Transfer Learning Basic Network Examination

Quick Check

Initial situation

The more often deep learning is used for projects, the quicker you realize that a suitable network is usually designed for exactly one task. This is also the case with object detection and recognition. The basic technology is there, but how do you quickly arrive at a suitable deep learning model for the new relevant task? Transfer learning has emerged as a good basis here, but suitable base networks must be available and, if possible, trained beforehand. This applies in particular with regard to the shortest possible time-to-market. It is necessary to examine how such base networks can be developed for the most relevant tasks and how they can be optimally reused. With a good basic model and a suitable transfer learning strategy, single character recognition is expected to be a special use case of object recognition for this project.

Solution idea

Optical character recognition (OCR) and recognition is a special application of object recognition. The problem with OCR is that it is difficult to find relevant and single-character data. Therefore, all kinds of existing models for object recognition and detection are investigated. The ability of each model to recognize smaller objects is crucial. Works based on the same model are used for OCR and further investigated. In addition to fine-tuning, new solutions are also being sought for transfer learning. The goal behind this is to look for ways to generate new data with minimal effort. Domain adaptation is a sub-study of this, which uses learned model parameters from annotated data and adapts their predictions for the learning task in a new use case. Domain adaptation could avoid the effort of generating part of the required new data.

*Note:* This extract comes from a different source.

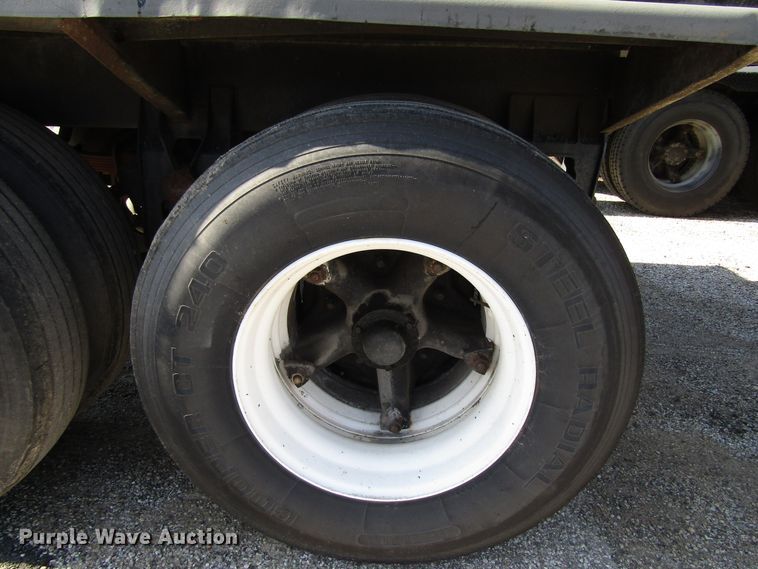 image for item EU9686 1971 Fruehauf TEH-F2-V tank trailer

KI-Fortschrittszentrum_270_QC_Transfer Learning Basic Network Examination_Abb1 — Figure 1: OCR and transfer learning, Alai Bürlike, Fraunhofer IPA

Benefit

The project provides an overview of existing models for object recognition and detection. In addition, the flexibility in terms of recognition capability of each model is investigated for the use case of optical character detection and recognition. The finally selected model, Faster RCNN with multiple RPN, tends to have the flexibility to output single character recognition with a word-level annotated input. This Faster RCNN with multiple RPN model is ready to be tested on a given dataset and optimized for foreground object recognition and single character recognition capability. The study results from the research part on transfer learning strategy provide the multiple state of the art, best fine tuning and heterogeneous transfer learning approaches.

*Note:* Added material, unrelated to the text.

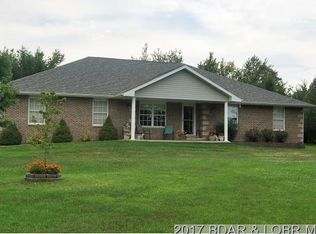 11 S Branch Ln, Eldon, MO 65026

Implementation of the AI application

In this project, all object recognition and detection models investigated are built using deep learning architectures, e.g. Faster-RCNN, Transformer, YOLO. In the transfer learning part, the finetuning and heterogeneous transfer learning approaches are based on deep learning models, e.g. Faster-RCNN and Transformer.

These two approaches can now be tested and compared with each other. Only when the heterogeneous transfer learning approach performs similarly to the traditional transfer learning approach with fine tuning can the additional effort of creating new training data be avoided.